No matter what the filmmakers meant to do, Pullman certainly intended to capture children’s hearts and plant the seed of doubt there. And the film, watered-down as it may be, cannot help but reflect that...."
A.W. Tozer refers to the famous quote by Socrates in his daily devotional today: "An unexamined life is not worth living." I have always appreciated this statement and appreciate Tozer's application of it while discussing Psalm 139:23,24 "Search me, O God, and know my heart; try me, and know my anxieties; and see if there is any wicked way in me, and lead me in the way everlasting."

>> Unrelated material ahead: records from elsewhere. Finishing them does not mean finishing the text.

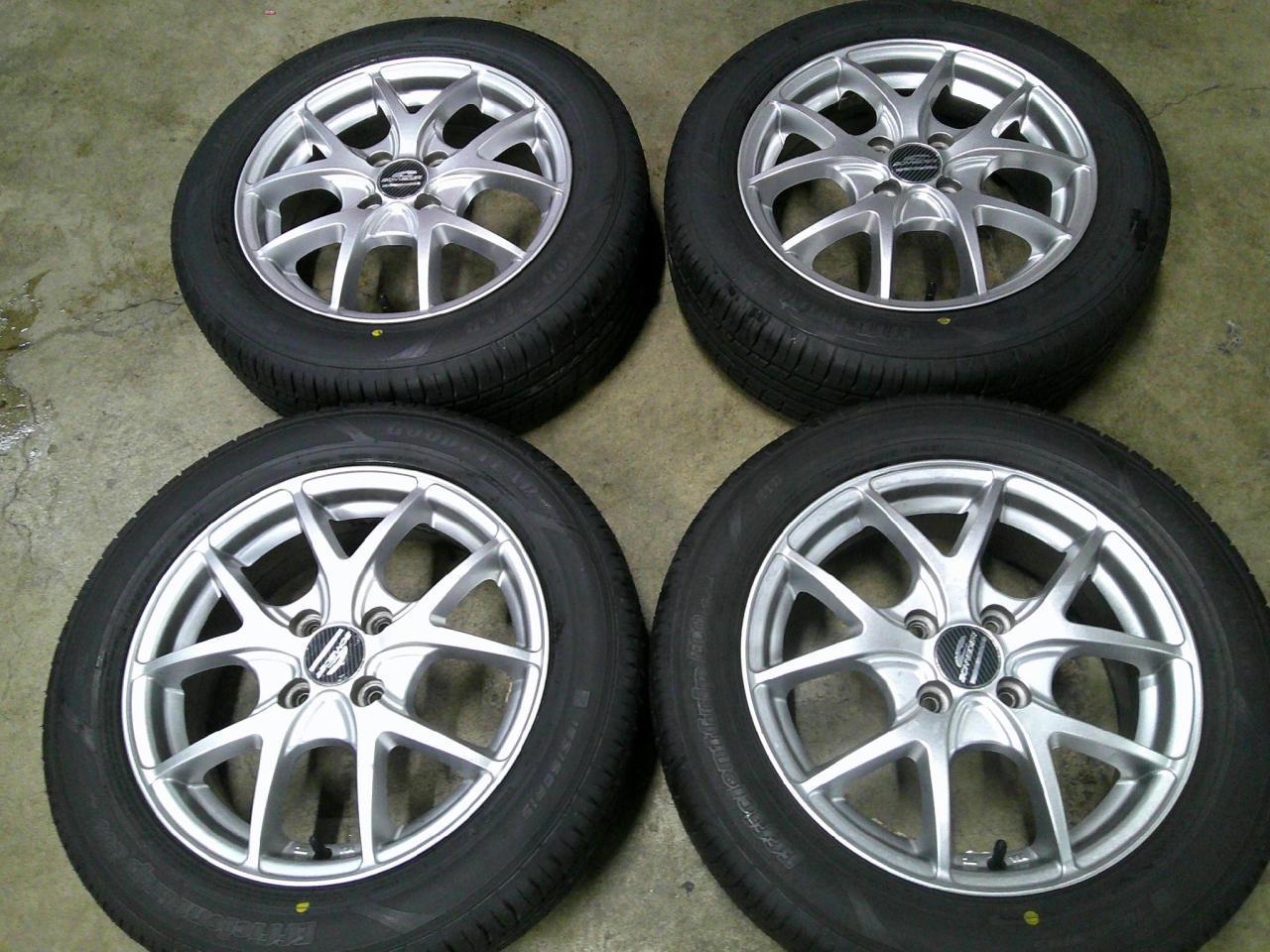 Комплект шин GOODYEAR EfficientGrip ECO Hybrid EG01 + диски A-TECH SCHNEIDER CLICK PREMIUM LIGHT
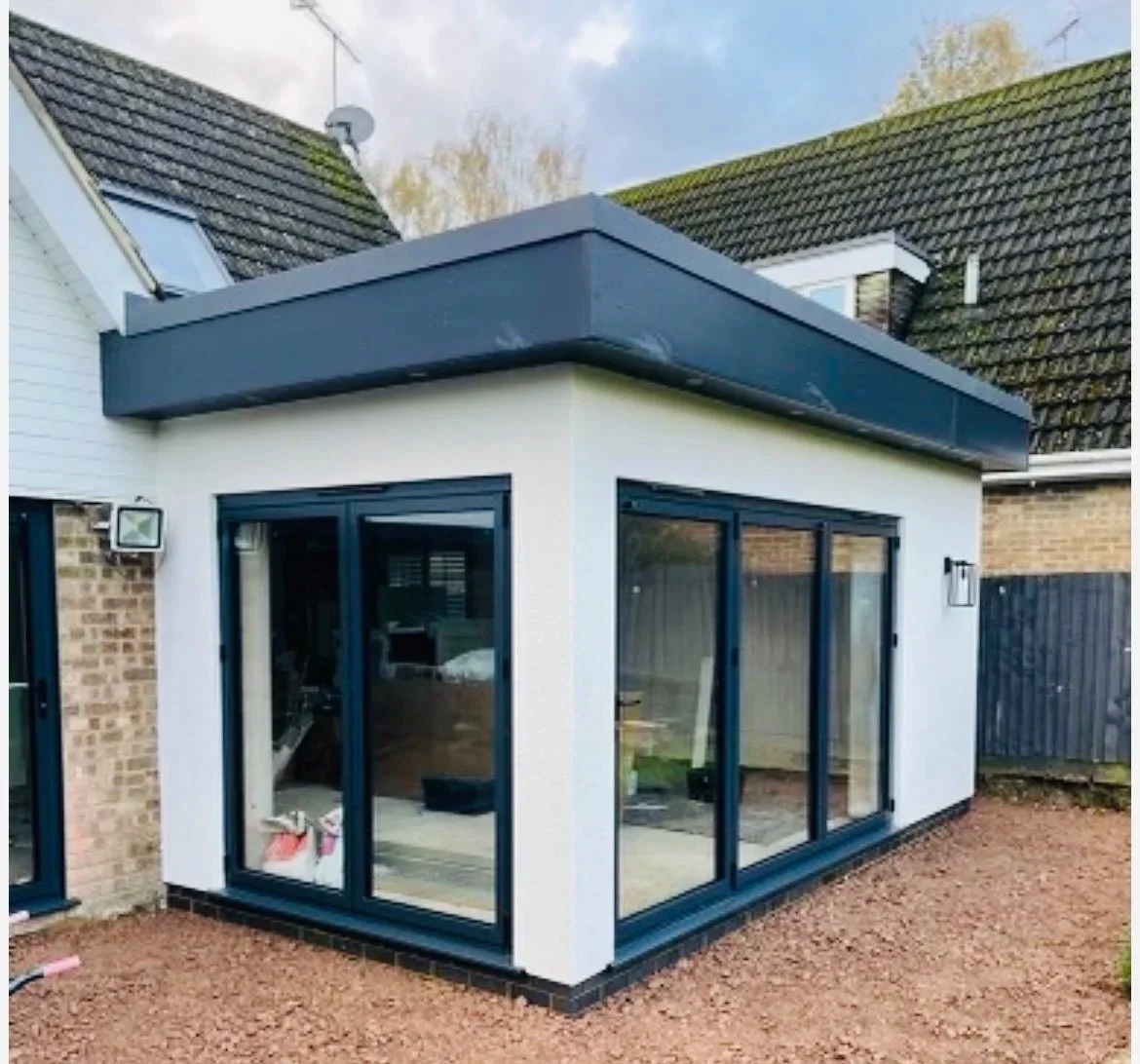 Monocouche render to a extension in Corby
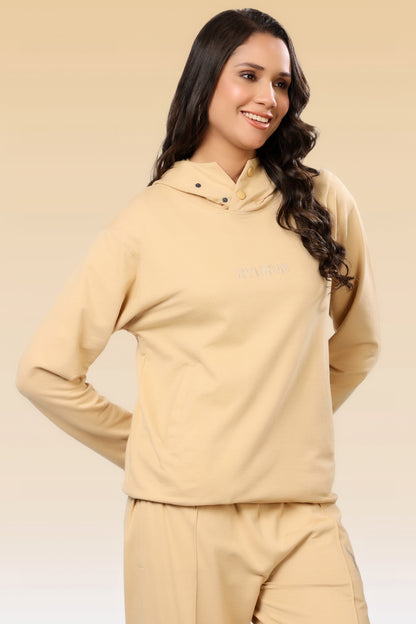 12 Month Beige Hoodies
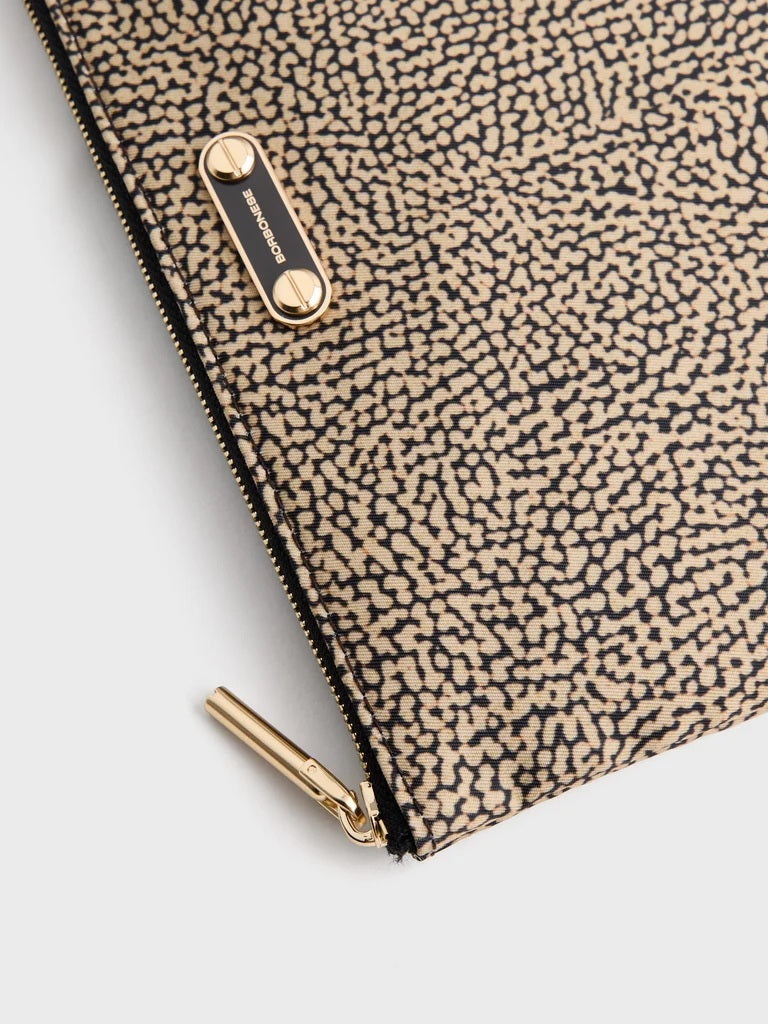 Borbonese Op recycled fabric pouch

The philosopher Socrates said, "An unexamined life is not worth living." If a common philosopher could think that, how much more we Christians ought to listen to the Holy Spirit when He says, "Examine yourself." An unexamined Christian lies like an unattended garden. Let your garden go unattended for a few months, and you will not have roses and tomatoes but weeds. An unexamined Christian life is like an unkempt house. Lock your house up as tight as you will and leave it long enough, and when you come back you will not believe the dirt that got in from somewhere. An unexamined Christian is like an untaught child. A child that is not taught will be a little savage. It takes examination, teaching, instruction, discipline, caring, tending, weeding and cultivating to keep the life right. Rut, Rot or Revival: The Condition of the Church, 43.